Present day Republic of Moldova became independent in 1991, after the collapse of the USSR, its territory corresponding to what use to be the Moldavian Soviet Socialist Republic, established in 1940 following the Molotov-Ribbentrop pact, in the wake of which Romania was forced to cede what was known as Bessarabia and Bukovina to Soviet Russia.
Reading about the history of Central and Eastern Europe since the beginning of the 20th century suddenly makes me think that countries are in some way governed by what I'd describe as tectonic forces....in fact, much as what happens with continental plates, they enjoy a period of rest and evolution only to accumulate tensions that erupt in sometimes tremendously massive confrontations that, in time, dictate geo-political (as opposed to geo-physical, in the case of the plates) shifts and changes... that will then know a period of rest and evolution....
The first world-war...Versailles treaty...the second world war...West and East blocks....collapse of the Eastern block... emergence of Russian imperialism...Ukraine war.... what next....???
and what for? so much destruction, suffering, hate sowing... wounds that will only heal in hundreds of years, if ever...,
There has to be a better way of affirming our capacity to deal with our own shit as rational, conscious beings or else poppies will continue to grow and the world will eventually turn into a sad huge Flanders field....
Ties between Moldova and Romania have always been strong, the more so since both countries were at a time, between the end of the first world war and the early stages of the second, part of the same unified state. Today, 80% of the population speaks Moldovan which is virtually the same language as Romanian, and reunification in the future is not to be completely set aside as there are supporters of this idea on both sides of the borders.
This state of affairs makes it perhaps more understandable that a sovereign state should issue a stamp celebrating the centenary of the coronation of the last sovereigns of the neighbouring state, of which it was also, at the time, part of (a bit confusing, but true nonetheless....).
Ferdinand I became king of Romania on October 1910. During the first world war, Ferdinand sided with the triple entente powers and it seems that the influence of his wife Mary, of British origins, was instrumental for this. Upon the end of the war, Ferdinand was rewarded with the unification into Romania of Bessarabia, Bukovina (both now part of Moldova) and Transylvania, and on the 15th October 1922, he and Mary were crowned sovereigns of this enlarged Romania.

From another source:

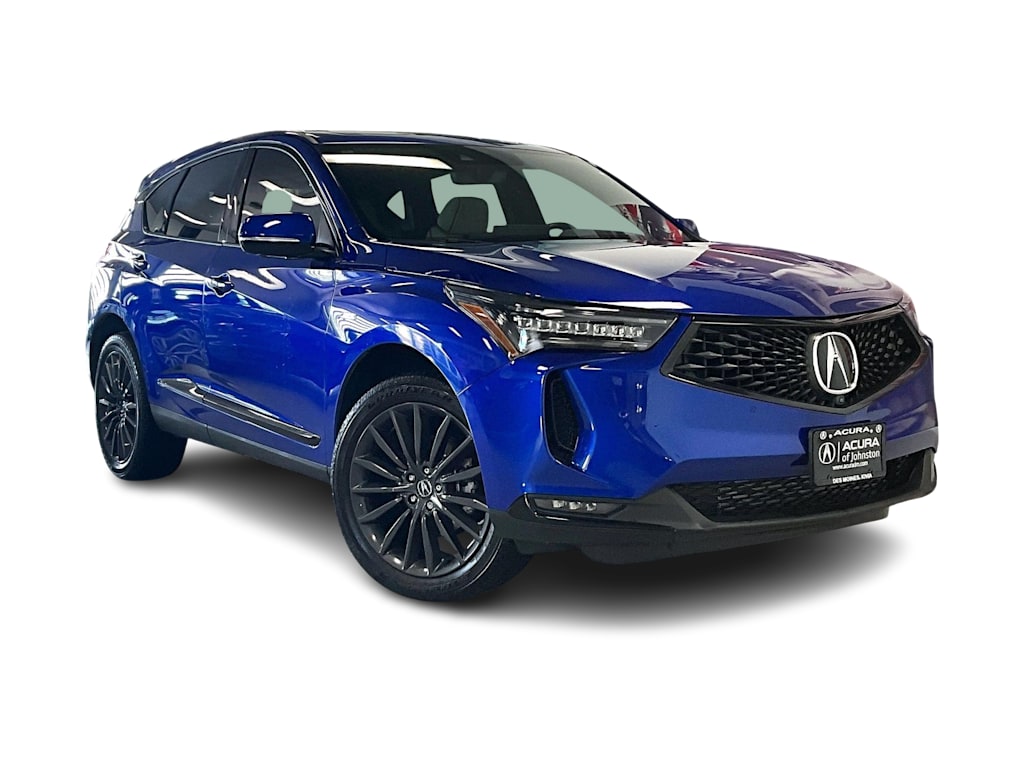 Thumbnail: 2024 Acura RDX - 18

Celebrating this fact, Posta Moldovei issued on 15OCT2022 a souvenir sheet with one 9,50 Lei stamp with the effigies of both sovereigns and their coat of arms, under the legend 100 de ani de la incoronare, in the sheet frame, which must be read in conjunction with the legend in the stamp itself - Suverani Ai Românei Mari, these translating into "100 years past the coronation of the Sovereigns of Greater Romania".
The stamp is obliterated with a beautiful and quite clear postmark of a post office in the capital of the country, the city of Chişinǎu.